First publicly demonstrated by chemistry teacher Lee Marek on the Late Show with David Letterman on September 14, 1999, and later popularized in a June 2006 viral Internet video by Eepybird, a Mentos mint expedites a rapid release of carbon dioxide when dropped into a carbonated liquid, such as a soft drink. MythBusters concluded that the potassium benzoate, aspartame, and CO_{2} gas contained in the Diet Coke, in combination with the gelatin and gum arabic ingredients of the Mentos, all contribute to the formation of the foam. However, kinetic experiments with various candies have shown that the presence of gelatin and gum arabic in candies does not enhance the fountain. Rather, it is the physical structure of candies that conveys the fountain effect.

The structure of the Mentos is the most significant cause of the eruption due to nucleation. MythBusters reported that when fruit-flavored Mentos with a smooth waxy coating were tested in carbonated drink, there was hardly a reaction, whereas mint-flavored Mentos (with no such coating) added to carbonated drink formed an energetic eruption, supporting the nucleation-site theory. According to MythBusters, the surface of the mint Mentos is covered with many small holes that increase the surface area available for reaction (and thus the quantity of reagents exposed to each other at any given time), thereby allowing CO_{2} bubbles to form with the rapidity and quantity necessary for the "jet"-, "geyser"-, or "eruption"-like nature of the effusion.

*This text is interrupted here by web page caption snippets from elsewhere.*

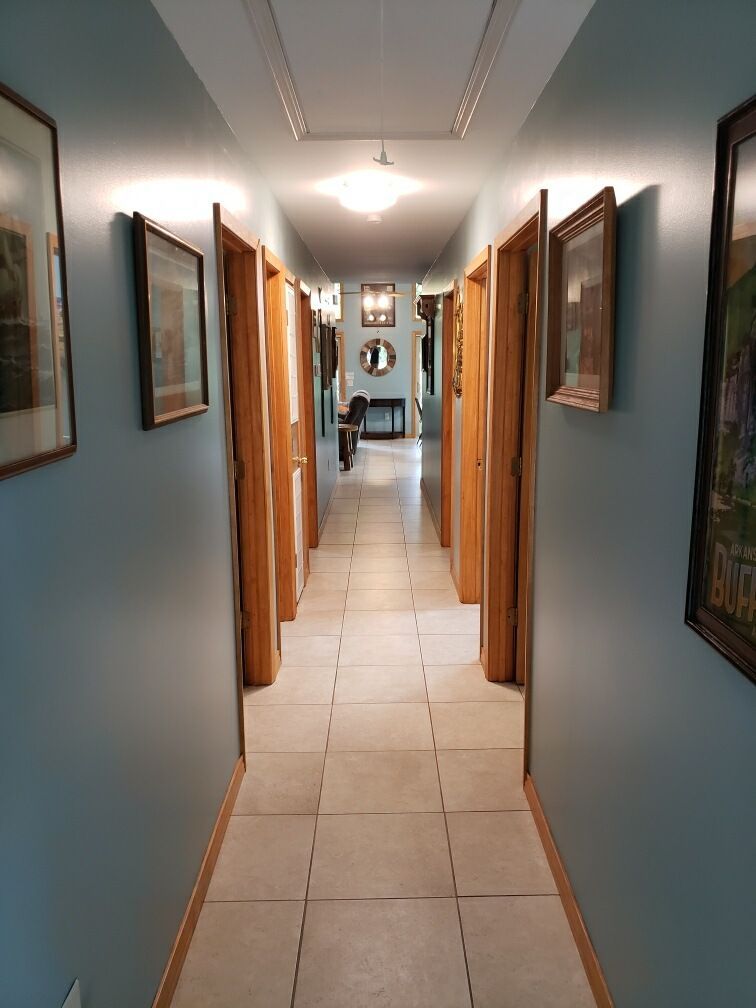 Long hallway with light blue walls, tiled floor, and multiple closed wooden doors.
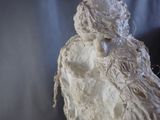 a white sculpture of a woman holding a child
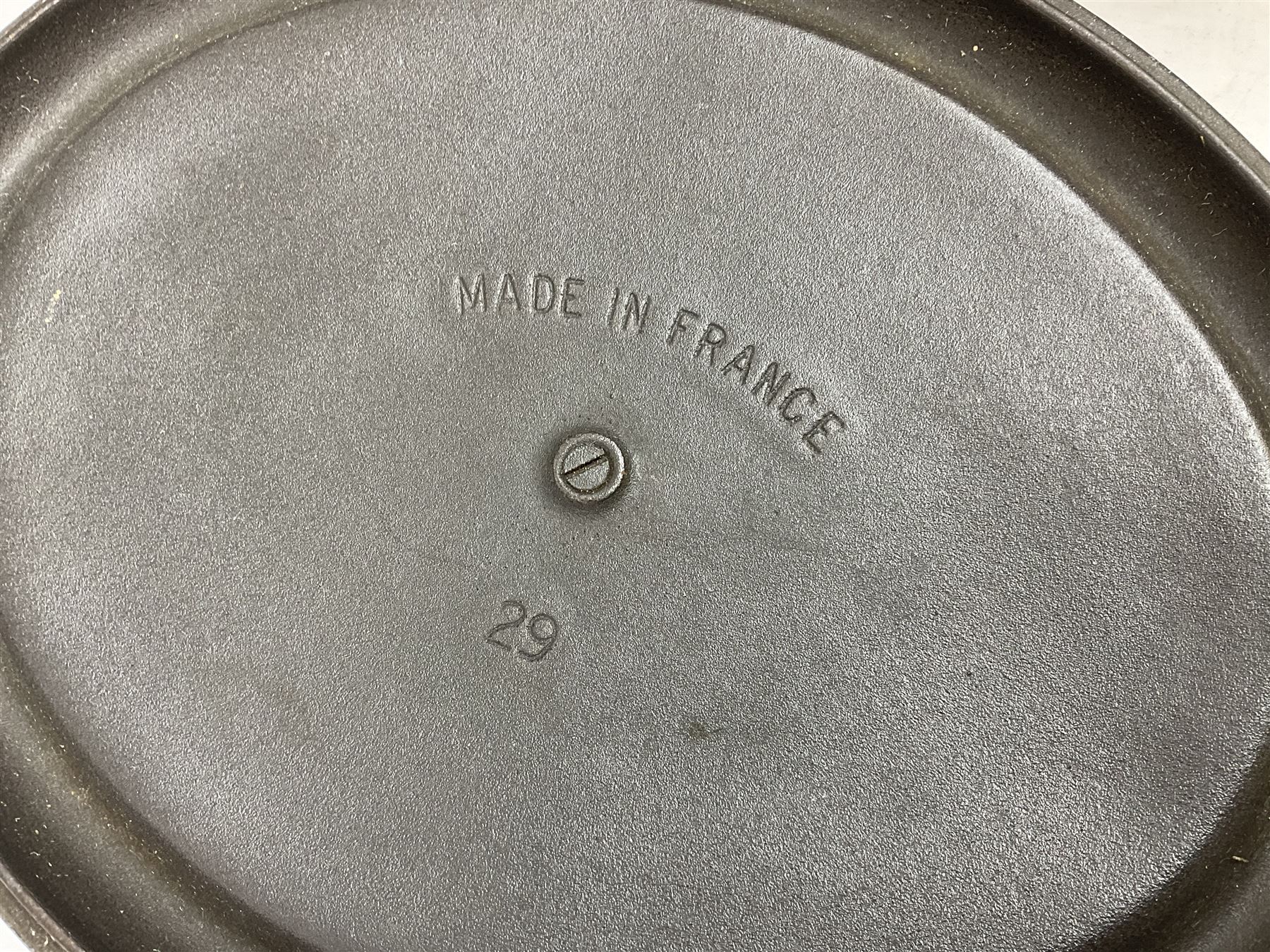 Emile Henry covered casserole dish of oval form in two tone brown and cream, no. 03.06, together with cast iron Nomar twin handled lidded casserole dish of oval form in navy, and other ovenware including Flintware ICTC, largest L35cm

This hypothesis gained further support when rock salt was used as a "jump start" to the reaction. A paper by Tonya Coffey, a physicist at Appalachian State University in Boone, North Carolina, confirmed that the rough surface of the Mentos candy helps speed the reaction. Coffey also found that the aspartame in diet soda lowers the surface tension and causes a bigger reaction, but that caffeine does not accelerate the reaction. On the other hand, it has been shown that a wide variety of beverage additives, such as sugars, citric acid, and natural flavors, also enhance fountain heights. In some cases, dissolved solids that increase the surface tension of water (such as sugars) also increase fountain heights. These results suggest that additives serve to enhance geyser heights not by decreasing surface tension, but rather by decreasing bubble coalescence. Reduced bubble coalescence results in smaller bubbles and greater foaming ability in water.

A Guinness World Record of 2,865 simultaneous geysers was set on October 17, 2010, in an event organized by Perfetti Van Melle (Philippines) at the SM Mall of Asia Complex, in Manila, Philippines. This record was afterwards beaten in November 2014 by another event organized by Perfetti Van Melle and Chupa Chups in Leon, Guanajuato, Mexico where 4,334 Mentos and soda fountains were set off simultaneously.

The resulting geyser can shoot as high as 6 m. The unofficial record, reached in MythBusters, was over 34 ft with the use of a nozzle.